Shanata shifts uncomfortably. “Uh, cool. I’m glad, I guess?” She hesitates. “What... exactly are you planning on doing about it? Because I’d do something if I could, but I’m only, like, one of her students. I think she likes me, kind of, because she lets me drag her places sometimes, but... doing anything serious would definitely be overstepping. In a not-good way.” The smell _is_ getting worse. It almost smells like rotting meat, and Professor Braxiatel doesn’t seem to notice it at all. His expression is concerned, preoccupied. A man wholly concerned with his friend’s mental health. “If you need me to do anything...”

She hopes he says no, he doesn’t need her; not for anything. It’s kind of awful of her, but she really doesn’t want to stick around, and, distantly, doesn’t want to be involved in whatever this is. Not any more. She’s doing the right thing by bringing it up, she knows, and she also knows that Professor Braxiatel is Professor Summerfield’s friend and he’s the right guy for the job, but the smell is making her nauseous and unsettled.

“I will need time to think on it,” he tells her. “This is a delicate situation, and must be handled carefully and correctly. Obviously the right thing to do would be to get her off this planet, since that seems to be... the root of all of this. But I have a feeling she won’t take too kindly to the suggestion of leaving. Everything she loves is here, you see.”

“Yeah, I...” Shanata swallows, tries not to gag. There’s probably limits to politeness, and she might just be meeting hers. “I get that. But you _are_ going to do something, aren’t you?’

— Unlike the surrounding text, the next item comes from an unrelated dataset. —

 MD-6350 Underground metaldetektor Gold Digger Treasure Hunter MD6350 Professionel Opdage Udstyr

“Well, of course.” A blink. “But as I said, the situation... it’s delicate. I’ll need to think on it. Present it to her at the most opportune moment, perhaps over dinner.”

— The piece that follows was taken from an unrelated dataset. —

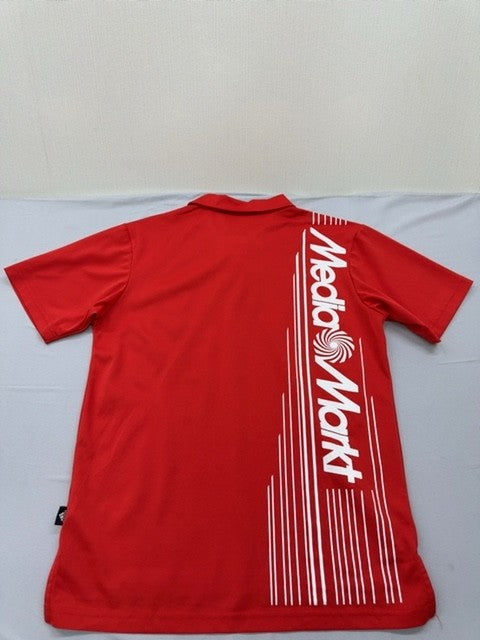 Adidas Men's Red Polo Shirt – Size M, Short Sleeve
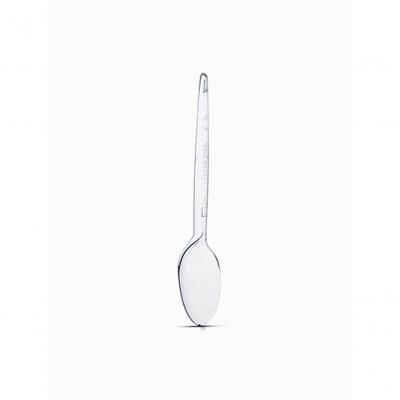 Colher para Refeição Master Cristal 100% Cristal Acabamento Liso Branco, Prata com 1000 Unidades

“Dinner!” says Shanata, maybe a bit too enthusiastically, to hide her growing disquiet. “Great – _great_ idea. Love that. You’re a good chef, she loves your cooking, that’s a – that’s a plan –”

“I’m hungry,” says Professor Braxiatel, very soft and very quiet, and Shanata is pretty damn sure she wasn’t meant to hear it. It’s not quite a confession – more like the sort of thing you’d mutter to yourself at the end of a long day, safe in the knowledge that nobody else is around to hear it. It’s not a complaint or an off-hand comment. It’s more like a _prayer._

A beat passes, and she _knows_ she wasn’t meant to hear it, and furthermore she’s also pretty sure that he doesn’t know she’s heard it, and the meat-smell is getting worse and worse, and really there’s only one thing for it –

“Cool!” says Shanata. “Neat, amazing, fantastic, well! It’s good to hear you’ve got everything under control, and I guess I’ll just leave you to it, because there’s definitely no way I can help, thanks for listening, bye!”

Professor Braxiatel inclines his head, and probably says something else, but Shanata doesn’t hear it, because she is currently fleeing. There’s basically no other way to describe it, because she _is_ running from Professor Braxiatel’s office the moment she’s out of line of sight of him, and her heart’s pounding like she’s terrified even though there’s no logical reason why she should be.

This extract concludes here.